En programmation orienté objet, une classe est l’implémentation d’un type, mais cette implémentation peut être partielle. C’est-à-dire que certaines de ses méthodes d’instance publiques sont déclarées, mais pas implémentées (le corps de ces méthodes est absent). Une classe dont l’implémentation du type est partielle est une classe abstraite. Puisque l’implémentation est incomplète, cette classe ne peut pas être instanciée. Pour créer un objet dont le type est celui d’une classe abstraite, on doit étendre cette classe abstraite à l’aide du mécanisme d’héritage pour compléter l’implémentation du type. Lorsqu’une classe étend une autre classe, le type de la classe dérivée devient un sous‑type de celui de classe de base. Si l’on respecte le principe de substitution de Liskov (Liskov substitution principle), cela signifie qu’une instance de la classe dérivée peut être utilisée partout où une valeur du type de la classe de base est attendue sans modifier les propriétés du programme.

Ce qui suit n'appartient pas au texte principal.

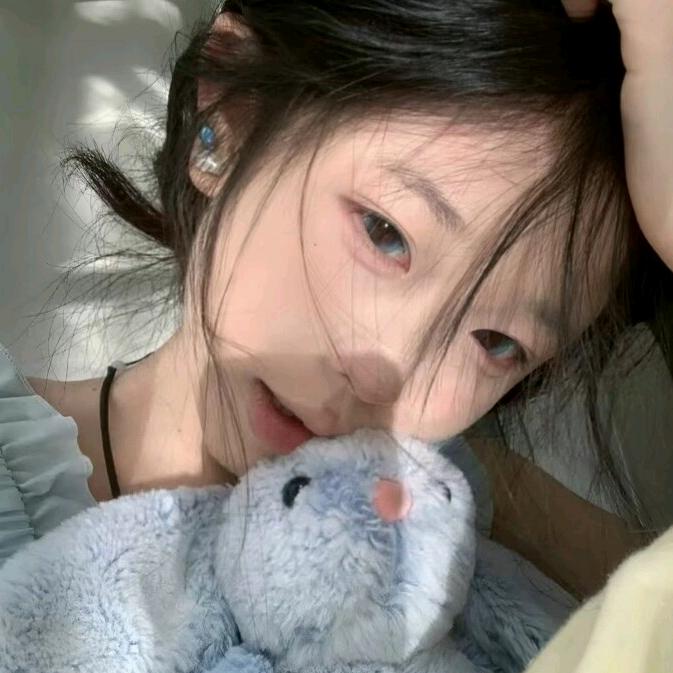 @晚安💤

Nous pouvons étendre la définition de la notion de classe pour couvrir ce cas de figure; une classe est :

  • L’implémentation complète ou partielle d’un type.
  • Un truc pour construire des objets si l’implémentation est complète.
  • Une unité d’organisation du code.

En UML, on représente l’extension d’une classe de base par un trait continu terminé par une pointe de flèche fermée. Dans l’exemple ci‑dessous, les classes R et S étendent la classe de base T. La relation entre les classes dérivées et la classe de base est appelée relation d’extension. Le nom des classes abstraite et des méthodes virtuelles pures (voir plus bas) est écrit en italique.

Fig. 1 — Relation d'extension
Fig. 1 — Relation d'extension (héritage d'implémentation)

Interface

De manière générale, l’interface d’une classe est l’ensemble des méthodes d’instance publiques de cette classe. En Java, une interface désigne également une forme particulière de classe que l’on déclare à l’aide du mot clé interface et qui contient seulement la signature de ses méthodes, pas leur implémentation. On peut considérer une interface comme une classe dont toutes les méthodes sont virtuelles pures. On peut donc dire qu’une interface en Java est une classe qui se réduit à la spécification d’un type (ce qui est conforme à l’acception d’interface en programmation orientée objet). Le nom d’une interface, comme le nom d’une classe, peut se trouver partout où le nom d’un type est attendu. En revanche, comme elle ne fournit pas d’implémentation pour ses méthodes, on ne peut pas l’utiliser pour créer des objets. Pour pouvoir instancier des objets du type défini par une interface, on doit d’abord créer une classe qui implémente (réalise) cette interface à l’aide du mot clé implements. Une classe peut implémenter une ou plusieurs interfaces.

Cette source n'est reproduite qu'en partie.